What does "restic check" actually do?

I have my data backed up to Backblaze B2.

What does restic check actually do?

Backblaze and other cloud storage providers can return a hash via API. Does restic compare the cloud-hashes against the expected hashes as stored in the local cache?

What I’m hoping it does is rely on the cloud storage provider’s built-in hashing to confirm my backup is sound.

Thanks

By default it loads the metadata for all snapshots and checks that all data referenced by the snapshots is available. When --read-data is passed, it even downloads all data and verifies the data is correct. That requires downloading the data (which may be too expensive), so we’ve added --read-data-subset which allows reading a specified percentage of the data.

No, mainly because they don’t support computing the hash of the data with the hash function restic uses (SHA-256).

1 Like

I’m pushing 40 TB to BackBlaze B2 using Restic. Uploading that will take about 9 months.

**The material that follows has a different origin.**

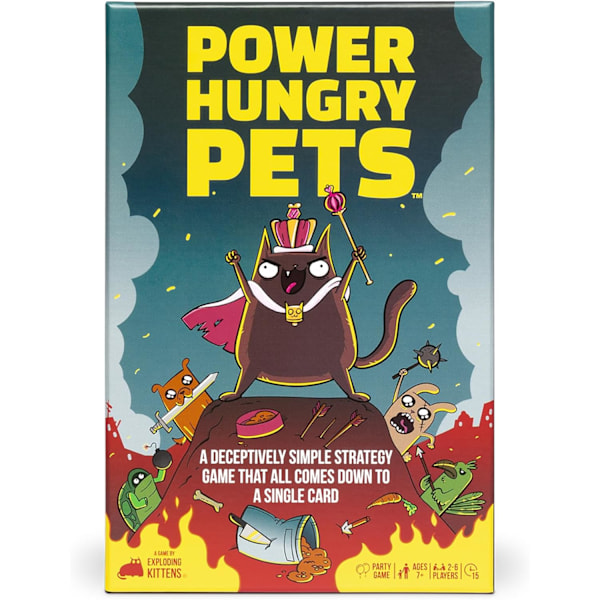 Power Hungry Pets 2-6 Spillere - Alder 7+ - 15 Minutter Spilletid - Strategisk og Enkelt Kortspill - Ideelt for Fest, Familie Spillkveld, Barn og Voksne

If I understand correctly, verifying it using the restic check just checks for the presence of the data on B2, but if I want to confirm the data is what I expect it do be, I’d have to restic check --read-data and endure a 40 TB download and hash computation…

In my humble opinion, restic should leverage the hashing functionality cloud providers include in their cloud storage solutions. These exist because at-scale, downloading all your data to verify it’s integrity is far too slow, far too expensive, and really doesn’t make sense.

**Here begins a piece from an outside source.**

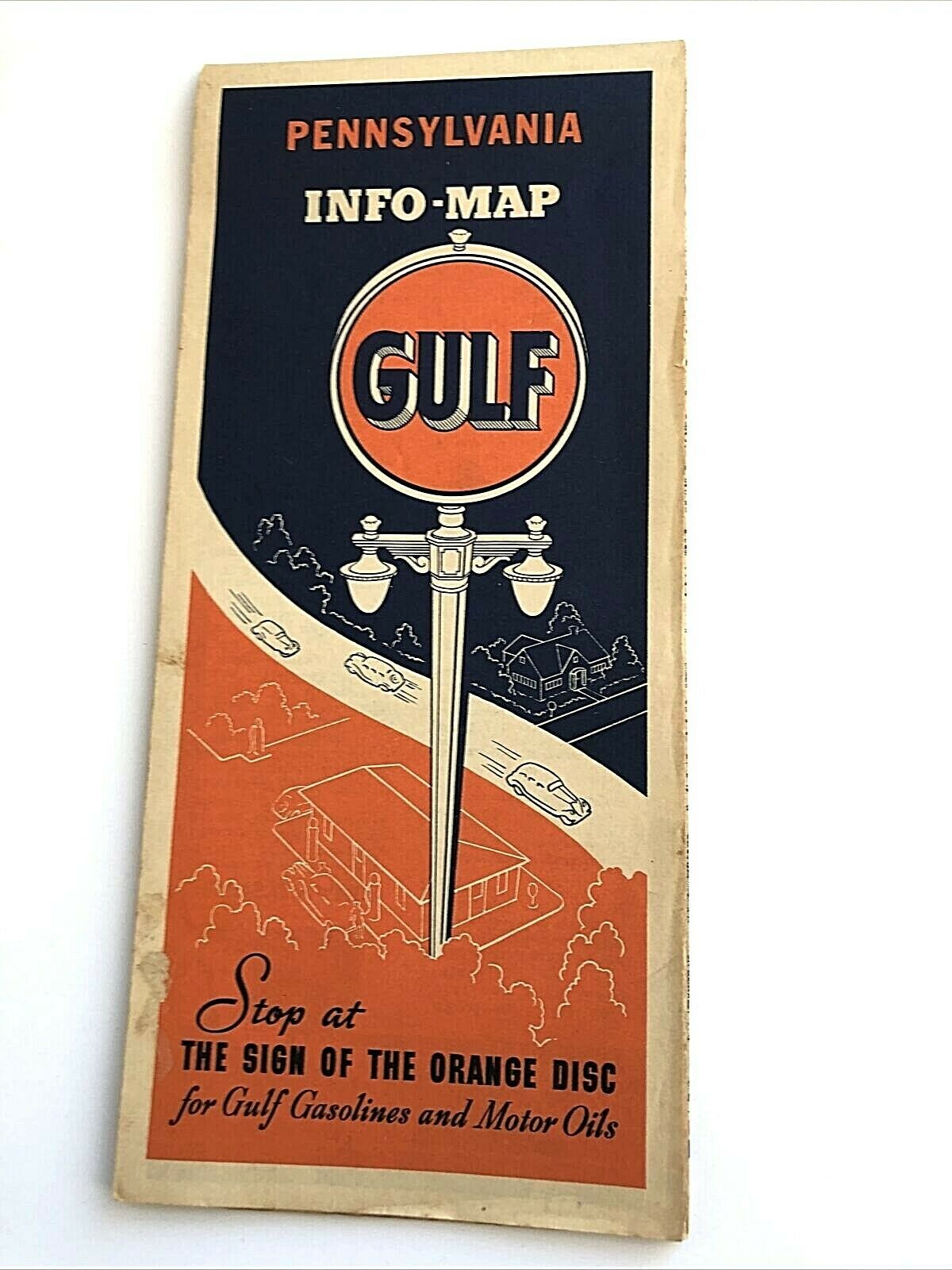 Vintage 1934 Gulf Gasolines And Motor Oil Info-map Pennsylvania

I appreciate this means restric would need to compute hashes using the same function as the cloud storage back-end, but downloading everything to verify integrity is excessively wasteful and impractical.

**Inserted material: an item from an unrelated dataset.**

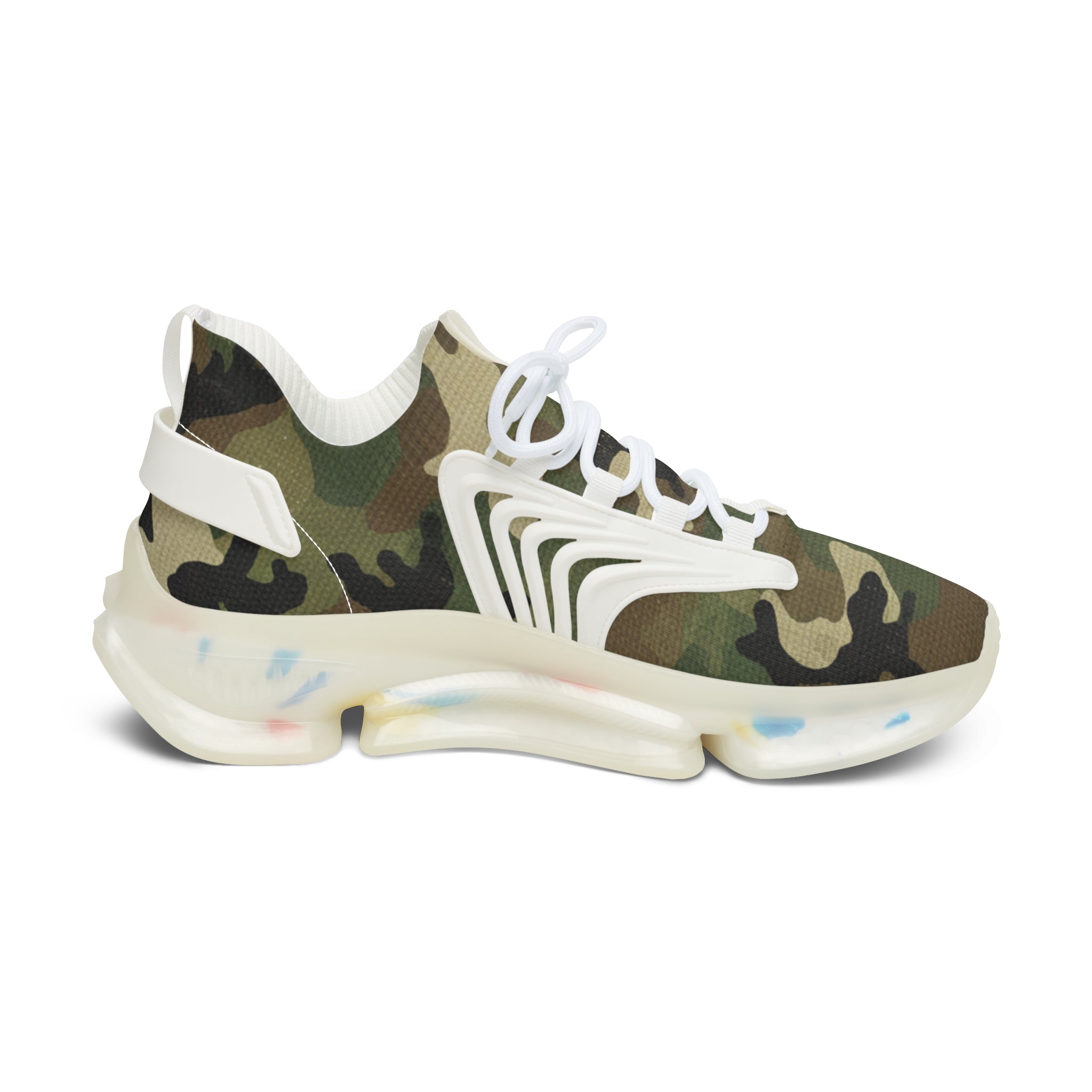 Women's Mesh Sneakers — Army Print Athletic Shoes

Is restic calculating a SHA-1 checksum when uploading to B2? It’s recommended as a best-practice by Backblaze here - https://help.backblaze.com/hc/en-us/articles/218020298-Does-B2-require-a-SHA-1-hash-to-be-provided-with-an-upload-

Thanks

The nice thing about the way restic does its checking is that the repository is totally portable. (That’s really valuable, so you can back up to multiple locations.)

I believe a SHA-1 is already used (and basically required?) when uploading data to B2, to ensure the upload is successful and correct. Beyond this, are you expecting the files to be modified after you upload them?

If restic was calculating the SHA1 prior to sending, sending, and confirming the SHA1 post-transfer, I’d be willing to trust that the data is safely in b2. When I run a check, I’d expect restic to request the SHA1 and compare that with what restic expects.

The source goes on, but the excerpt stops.